Exact reproductions of all the entries, please, and no pictures.

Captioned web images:
*****
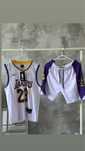 Compleu baschet Lakers Nike Jordan premium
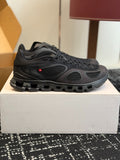 On Cloudnova All Black Full Dark Minimalist All-Day Comfort Cloud Foam Walking Sneakers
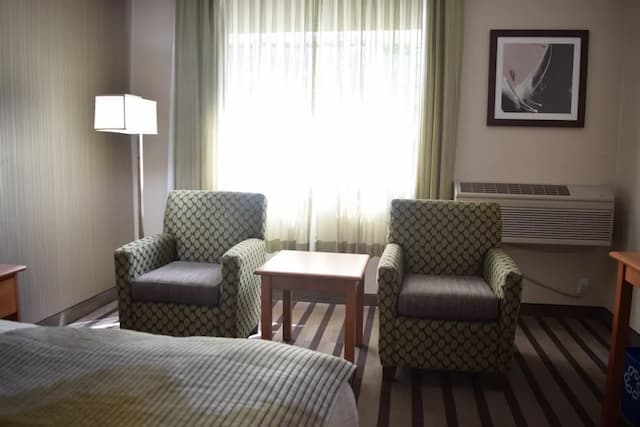 Best Western King George Inn & Suites-标准房, 1 张特大床, 无烟房, 池畔 (1st Floor;with Sofabed)-1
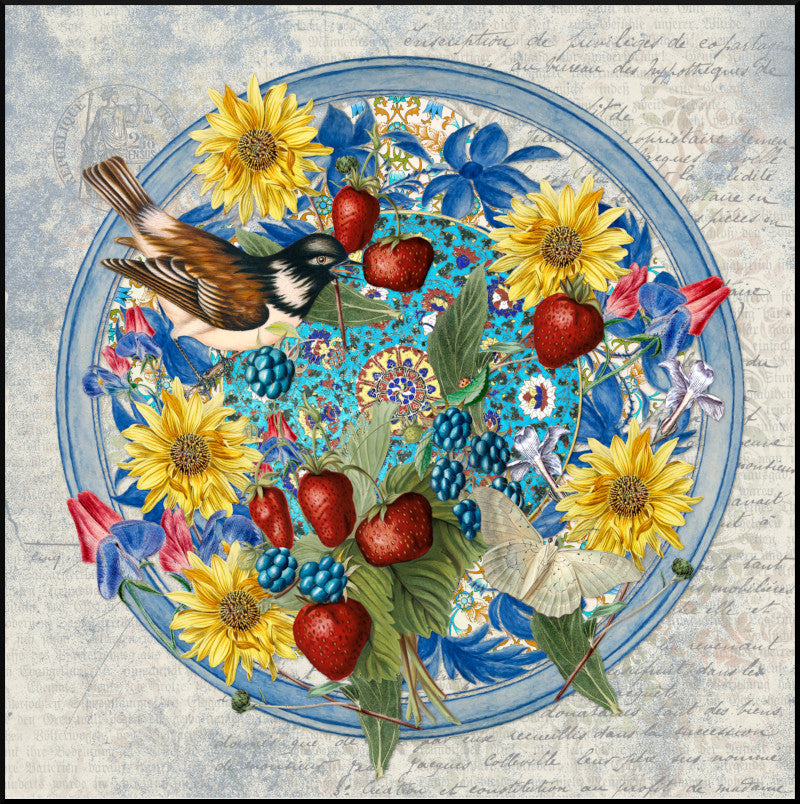 Blue Dutchess - Tote Bag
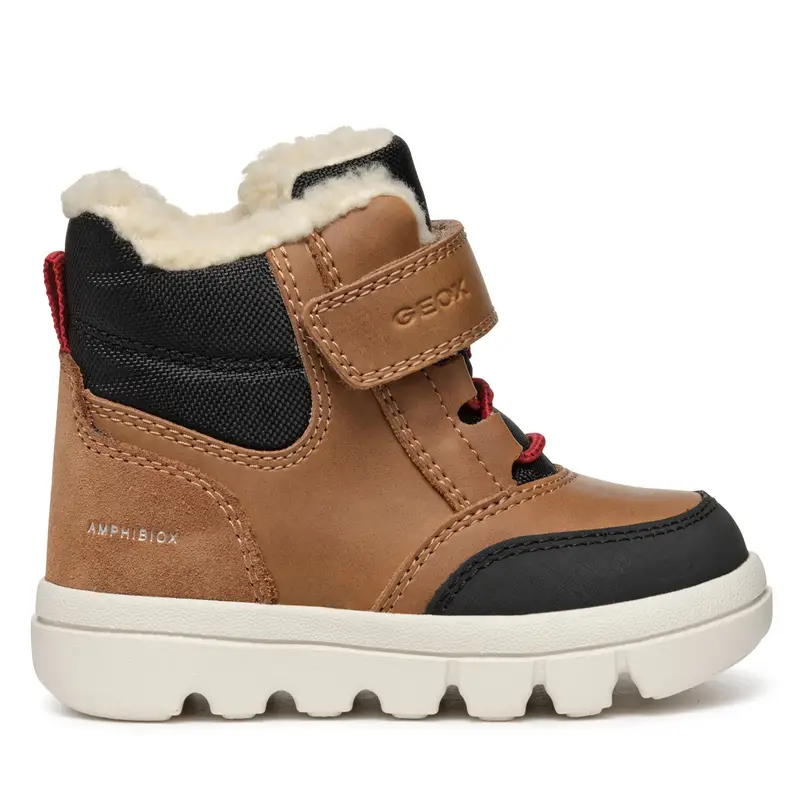 Stivali Geox B Willaboom Boy B Ab B365BC 0ME22 C6777 M Marrone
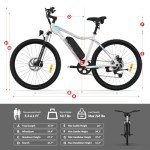 5TH WHEEL Mate 1000W Electric Mountain Bike
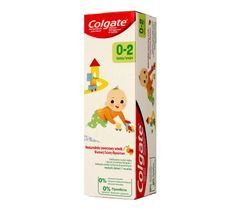 Colgate Pasta do zębów dla dzieci Naturalnie Owocowy Smak (0-2 lat) 50 ml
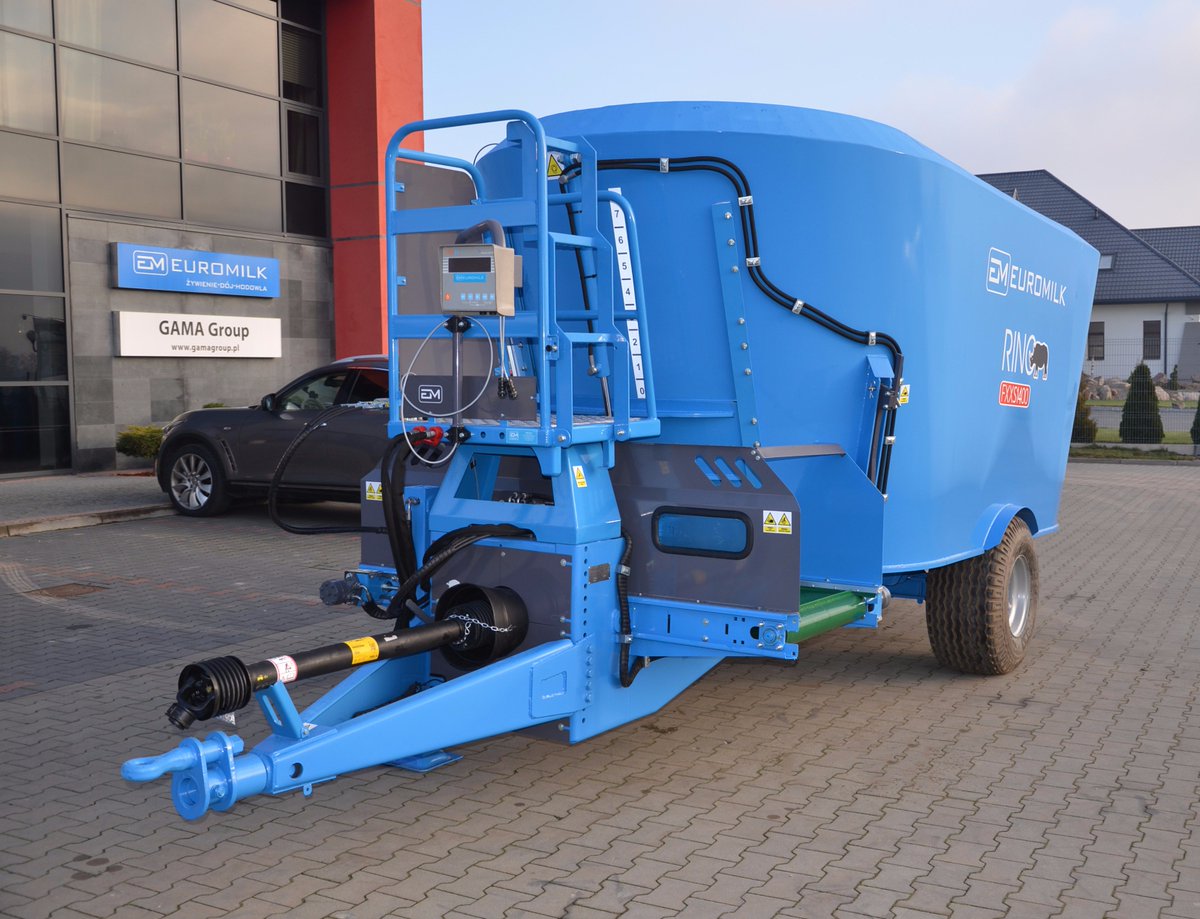Euromilk On Twitter Another Mixer Feeder Wagon Em Rino Ready To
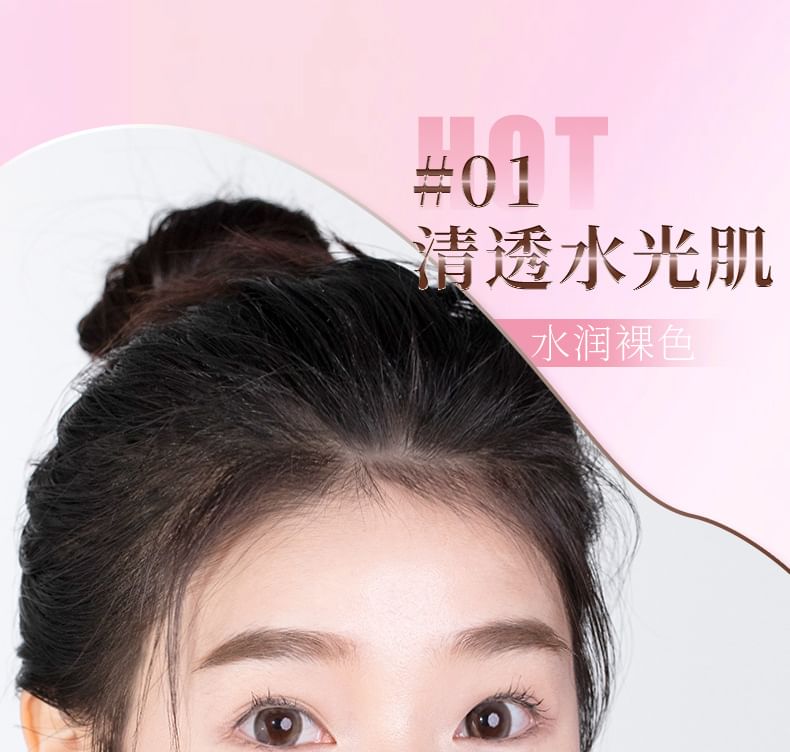 lishu - Hydraterende highlighter stick - 2 kleuren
*****
• [Finished exercise]
 Compleu baschet Lakers Nike Jordan premium
 On Cloudnova All Black Full Dark Minimalist All-Day Comfort Cloud Foam Walking Sneakers
 Best Western King George Inn & Suites-标准房, 1 张特大床, 无烟房, 池畔 (1st Floor;with Sofabed)-1
 Blue Dutchess - Tote Bag
 Stivali Geox B Willaboom Boy B Ab B365BC 0ME22 C6777 M Marrone
 5TH WHEEL Mate 1000W Electric Mountain Bike
 Colgate Pasta do zębów dla dzieci Naturalnie Owocowy Smak (0-2 lat) 50 ml
Euromilk On Twitter Another Mixer Feeder Wagon Em Rino Ready To
 lishu - Hydraterende highlighter stick - 2 kleuren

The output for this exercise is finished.